YOUR TASK: The answer must be only the lines below from the one holding "Kit de Bloque" down to the one holding "Shark Drake LeVeiss Mouse Pad", ends included, printed exactly; please omit all pictures.

Top of TASK INPUT

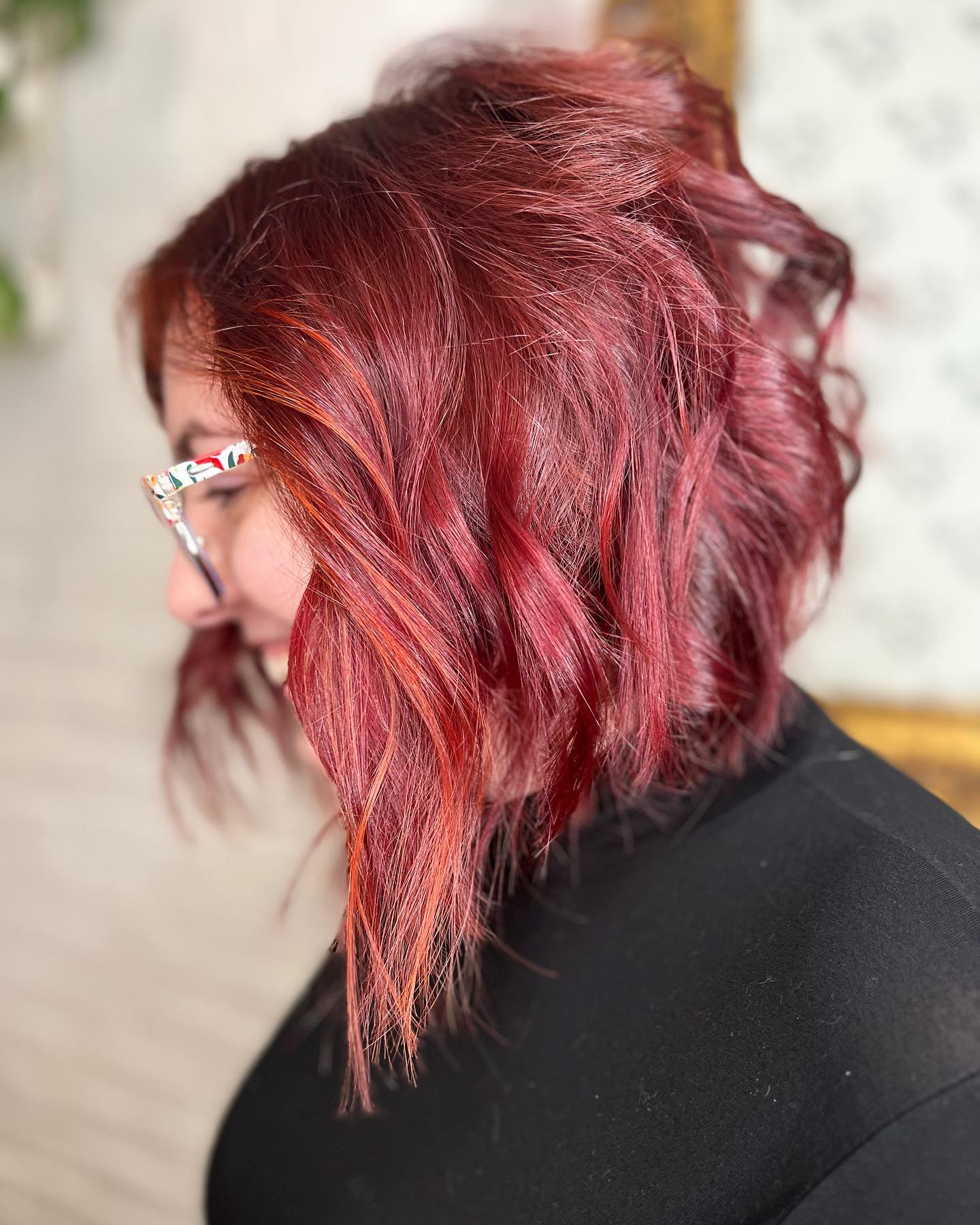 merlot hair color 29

Bottom of TASK INPUT
Top of TASK INPUT

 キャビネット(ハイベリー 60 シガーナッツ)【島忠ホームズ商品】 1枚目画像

Bottom of TASK INPUT
Top of TASK INPUT

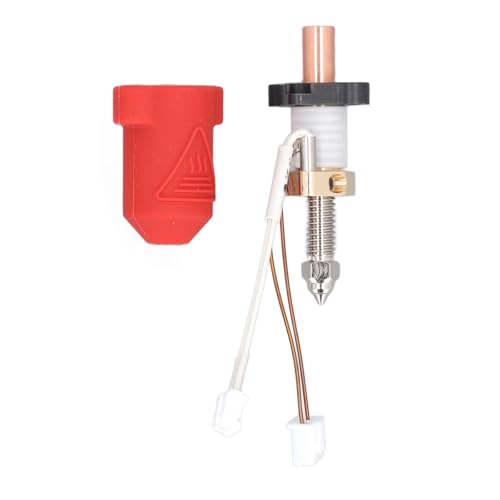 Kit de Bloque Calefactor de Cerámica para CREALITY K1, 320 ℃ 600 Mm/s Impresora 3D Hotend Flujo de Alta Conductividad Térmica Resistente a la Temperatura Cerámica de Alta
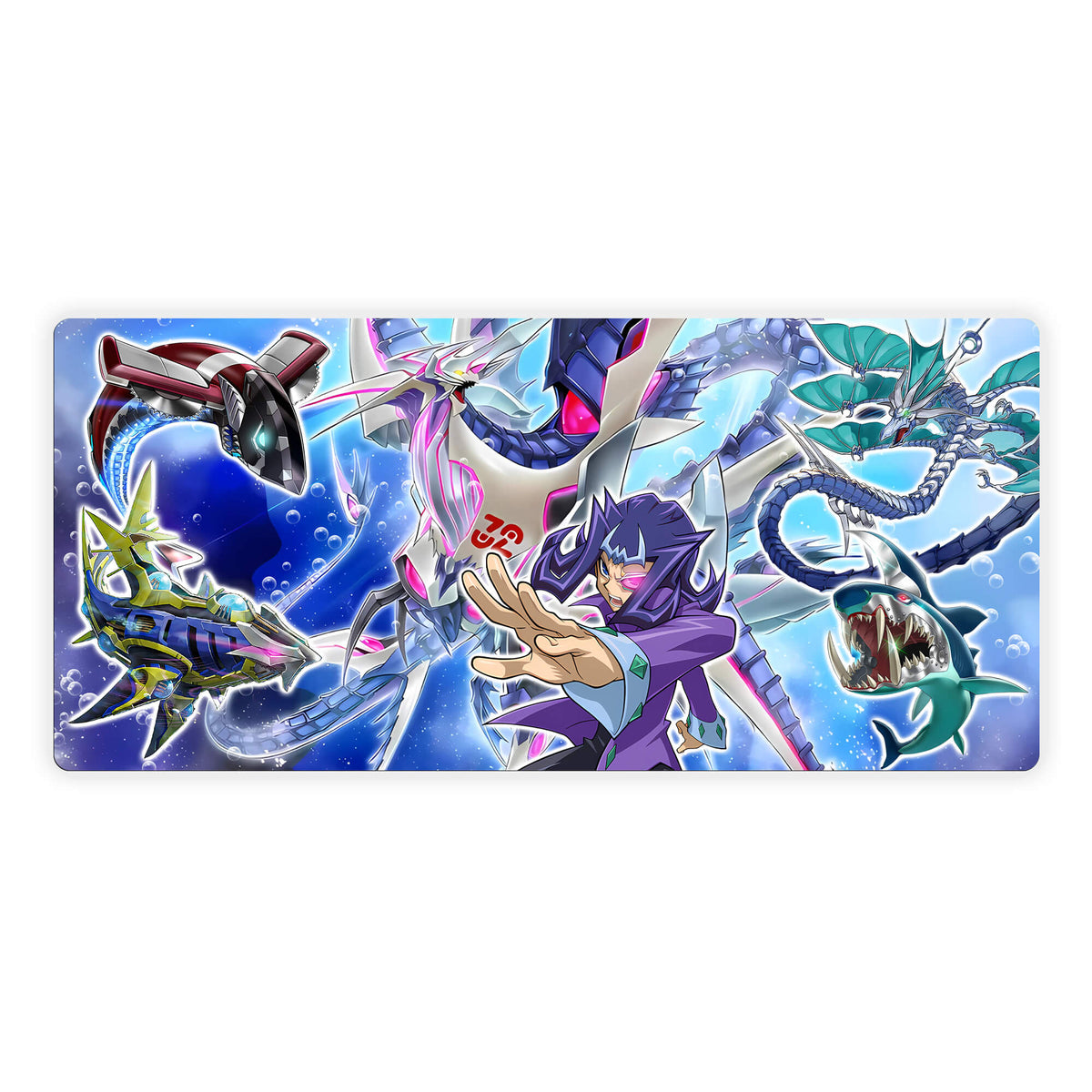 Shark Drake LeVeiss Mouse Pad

Bottom of TASK INPUT

EXERCISE SOLUTION:
 Kit de Bloque Calefactor de Cerámica para CREALITY K1, 320 ℃ 600 Mm/s Impresora 3D Hotend Flujo de Alta Conductividad Térmica Resistente a la Temperatura Cerámica de Alta
 Shark Drake LeVeiss Mouse Pad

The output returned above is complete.